Pちゃんのお母さん、その事にびっくりされてご自身でもセラピーをされたり学ぶ様になられて自分の問題に向き合う事にフォーカスされました。。。自分がしんどかった事に気がつかれたんです。

するとどうでしょう。。。。Pちゃんに変化が。。。。Pちゃんに無理な事は交渉ですり替えるのではなく、今は出来ないんだとちゃんと伝え、今はみんなでやるから、Pちゃんのその案を先生は今出来ない、とNOを出すと、もー!!と怒ったり泣いたりしますが、その気持ちをちゃんと自分でちゃんと感じて表現したり、表現する事に周りや大人が許可を出して、その感情に共感するとちゃんと次に向かえるんです。

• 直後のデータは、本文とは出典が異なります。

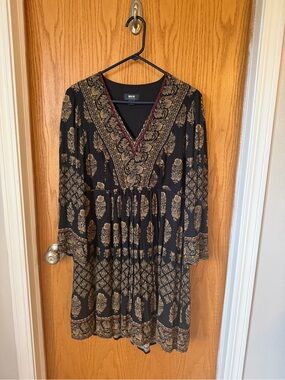 Maeve Black and Tan Embroidered V-Neck Boho Shift Dress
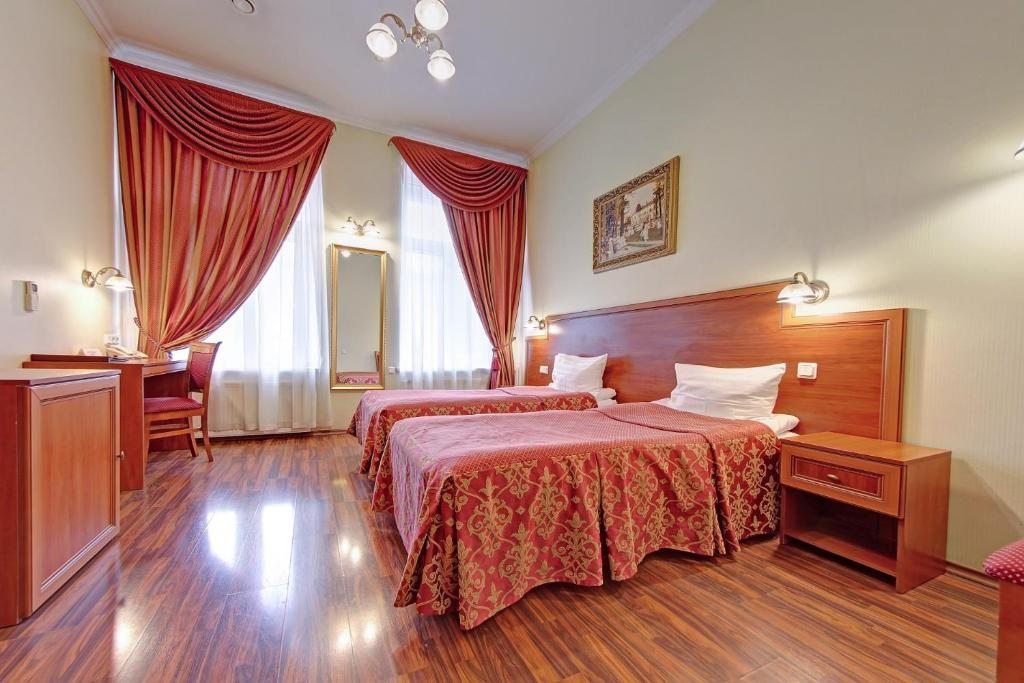 Двухместный (Двухместный номер бизнес-класса с 2 отдельными кроватями) гостевого дома Аврора Центральная, Санкт-Петербург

人が求めているのは感情に対する共感なんです。なので行動レベルの事柄で取引や駆け引きをしても、本人の心は実は未完了なままなんですね。それは私たち大人も同じなんです。感情というのは人間に備わった標準装備。そこを無視して行動だけしても必ずエラーが出るんですね。そこには健常児、障害児、って関係ありませんよね。その後、Pちゃんは相変わらず、自分の要求は出します。だけど、それが叶わない時があっても、一旦わかりやすく落胆しますが(笑)すぐに切り替えてみんなと一緒に踊ります。そしてレッスンの時間いっぱい楽しめます。ごまかさないで乗り越えさせてあげる。葛藤して自らの意思で次に向かわせてあげるのも大事な成長のプロセスかなと思います。

自然体で生きる

ここまで書いていて思うんですが、この話の中に、ダウン症という障害の話って、あまり出てこなかったですよね?そうなんです。そこにフォーカスする必要性がこれといってないんです。子どもの問題行動で悩む時、特に障害を抱えるお子さんの場合、学校的に、医療的に、療育的に、福祉的に、障害的に、発達的に、親的に、とたくさんの方向からの切り口や見解がありますが、根っこは人間みんな同じ。行き着くところも命の場所、親子、家族、なんです。ここが土台なんです。悩みも問題もここが土台なんです。どんな問題も根っこを見ていく。そんな視点があると世の中はもっとシンプルに見えるのかもしれません。その上で必要な支援やサポートを選び、受取り、人との関わりの中で暖かさを感じられると良いなあと思います。いつの時代も裸の心で通いあわせる、語り合う、そんな欲求が人間にはあるんじゃないかと私は思います。